MARPOL EK-VI'yı henüz onaylamamış 6 ülke de dâhil olmak üzere toplam 16 Akdeniz kıyı ülkesinden, Avrupa Birliği'nden, IMO'dan, HELCOM'dan (Baltık Denizi Çevre Koruma Komisyonu -Helsinki Komisyonu) ve yerel bir Sivil Toplum Kuruluşu'ndan katılımcılar; MARPOL Ek-VI koşullarının onaylanması ve verimli bir şekilde uygulanmasına engel teşkil eden hususları belirlemiştir. Katılımcılar, Akdeniz'de Ek-VI hükümlerinin (alt)bölgesel uygulamalarına ve yaptırımlarına yönelik imkânları incelemişlerdir.

Ayrıca katılımcılar, MARPOL Ek-VI gereğince Akdeniz'in veya kısımlarının sülfür oksit (SOx) emisyon kontrol bölgesi (emission control area –ECA) olarak belirlenmesini incelemek amacıyla REMPEC tarafından görevlendirilen taslak teknik ve fizibilite çalışmasını da tartışmıştır. Bir Akdeniz ECA'sı, bölgede gemilerde kullanılan yakıtın sülfür içeriğini %0.1 m/m'ye indirgeyebilmektedir.

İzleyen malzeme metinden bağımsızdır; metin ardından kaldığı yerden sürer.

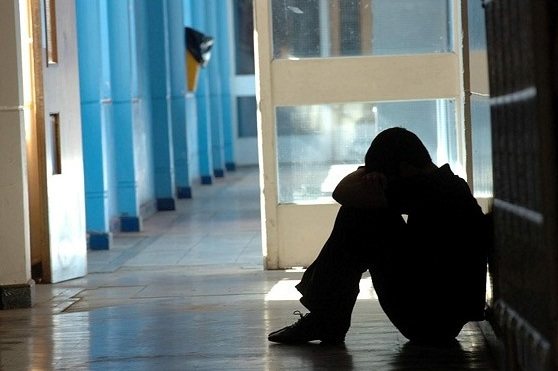 ΟΙΕΛΕ για bullying: «Ξέφραγο αμπέλι τα ιδιωτικά σχολεία» – «Καρφιά» για το υπουργείο Παιδείας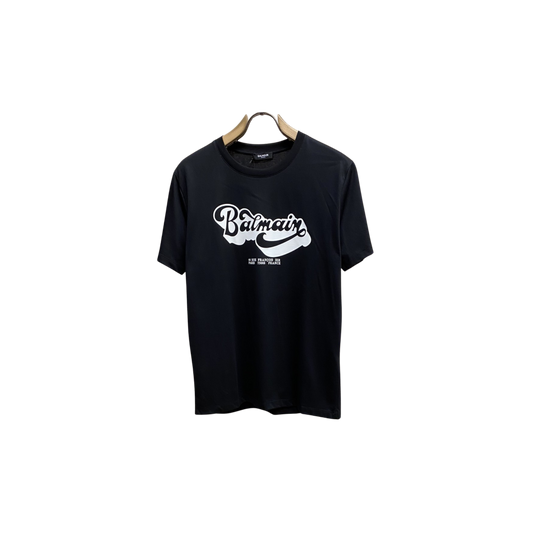 G x Plug® T-Shirt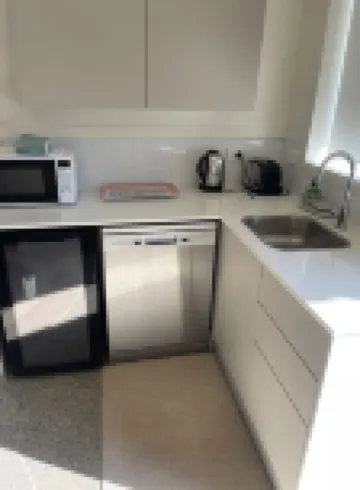 Misty farm in the mist in the hills among the wild life and the stars at night Hotels in Robertson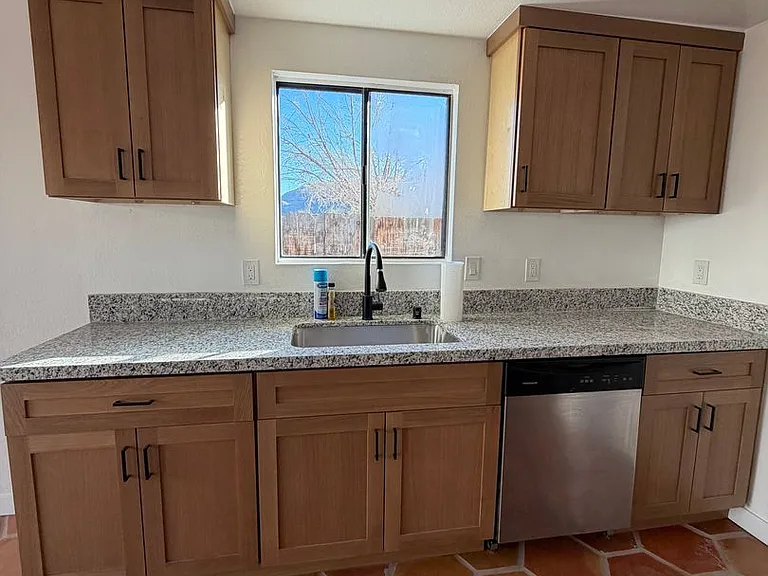 6672 Mesquite Ave — Photo 10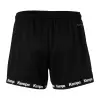 Kempa Wave 26 Women's Shorts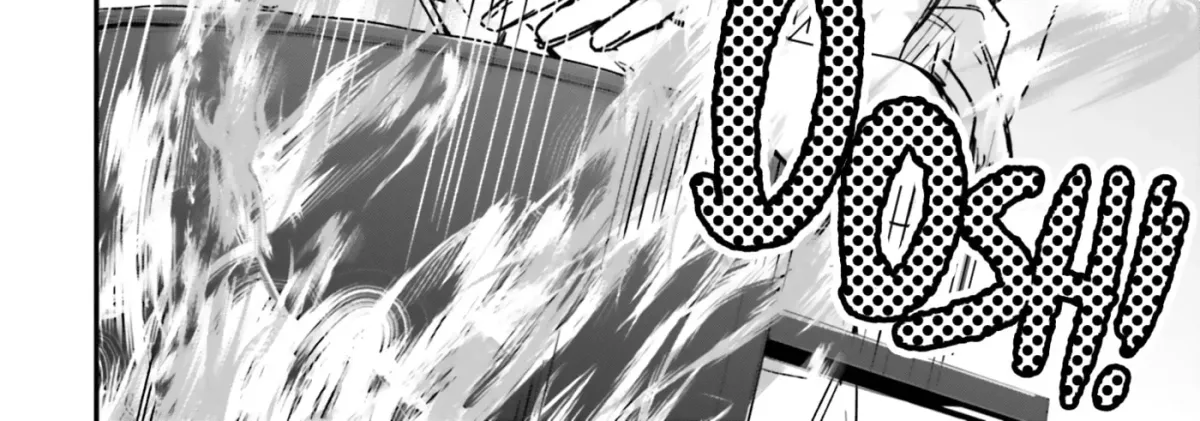 Oshi to no Yuri wa Arienai! Chapter 15 page 18 - 
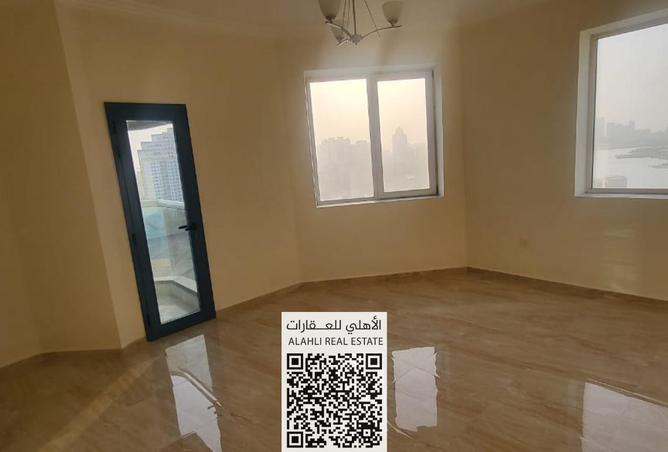 15473926 - Property Image 3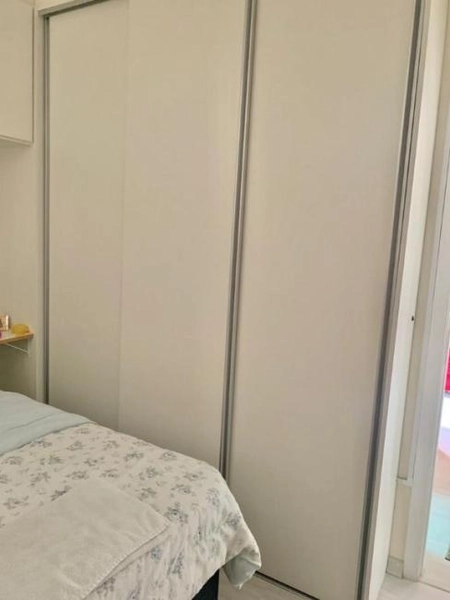 null: 19ª foto da galeria de imagens do imóvel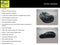 2024 Toyota Corolla Cross Hybrid S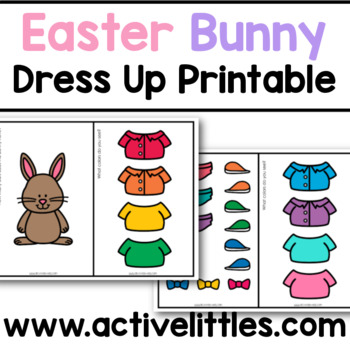 Childs Mr Rabbit Costume - I Love Fancy Dress
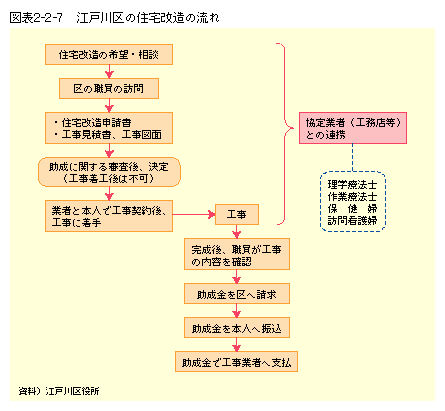 C1220701.gif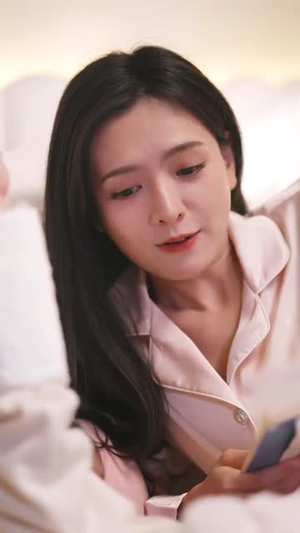 再一次热恋（82集） 上热门短剧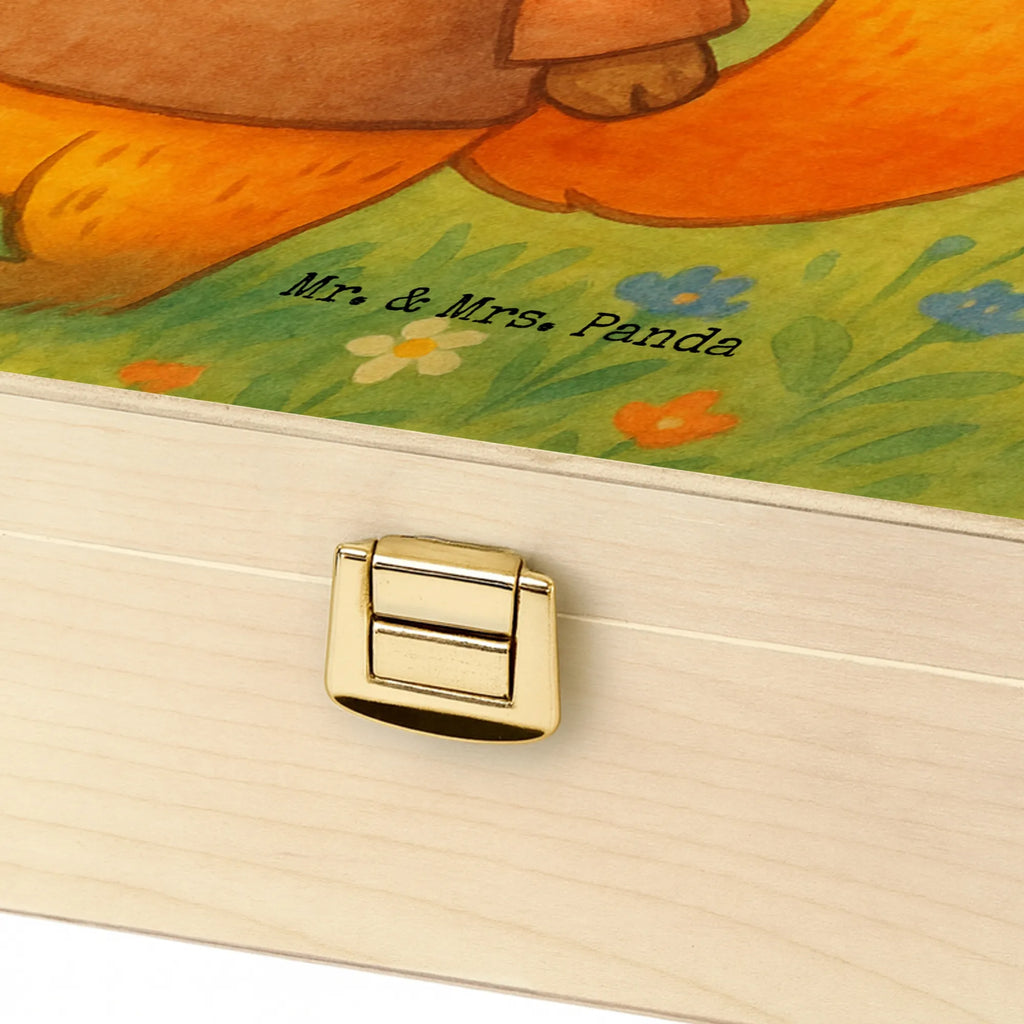 Teebox Holz Widder Astologie Design tee organizer box, teebox für teebeutel, teebeutelbox, tee kiste, vorratsbox tee, tee sortierbox, teebox, box für tee, aufbewahrungsbox tee, tee organizer, tee beutel halter, teedose, holzteekiste, aufbewahrungsbox für teebeutel, teeaufbewahrung, teebeutel organizer, teebeutel aufbewahrungsbox, teeaufbewahrungsbox, teekiste, teekasten, teebeutel aufbewahrung, aufbewahrung tee, box für teebeutel, teebehälter, teebeutel behälter, holzteebox, Sternzeichen, Tierkreiszeichen, Horoskop, Astrologie, Aszendent, Geburtstagsgeschenk, Geschenk, Widder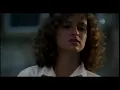 "She's like the wind" theme from Dirty Dancing - Patrick Swayze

Çalıştayda, Avrupa Komisyonu ve Fransa tarafından yetkilendirilen iki diğer çalışma da sunulmuştur. Bahse konu çalışmalarda, farklı veri kaynakları ve metodoloji uygulanmış olmasına rağmen, benzer sonuçlar elde edilmiştir. Her iki çalışmanın da sonuçlarına göre; bir Akdeniz ECA'sı, sağlık ve çevre alanlarında kayda değer faydalar sağlayabilmekte olup; solunum yolu, kalp ve damar hastalıkları vakalarını azaltmaktadır; erken doğum ölümlerini önlemektedir ve maliyet ve sağlık faydaları göz önüne alındığında uygun maliyet verimliliği sağlamaktadır.  Bahse konu çalıştayın ve çalışmaların sonuçları, Akdeniz ile ilgili karar verme sürecinin bir sonraki adımını belirleme konusunda katkı sağlamaktadır. Bu durum, 2019 baharında kükürt ECA'ları Teknik Uzmanlar Komitesi (SOx ECA(s) Technical Committee of Experts) tarafından daha ayrıntılı bir şekilde tartışılacak bir yol haritası ile düzenlenecektir.

Bahse konu çalıştay, IMO'nun Entegre Edilmiş Teknik İşbirliği Programı (Integrated Technical Programme –ITCP), Akdeniz Güven Fonu (the Mediterranean Trust Fund –MTF) ve Fransa Hükümeti'nin gönüllü katkılarıyla desteklenmiştir.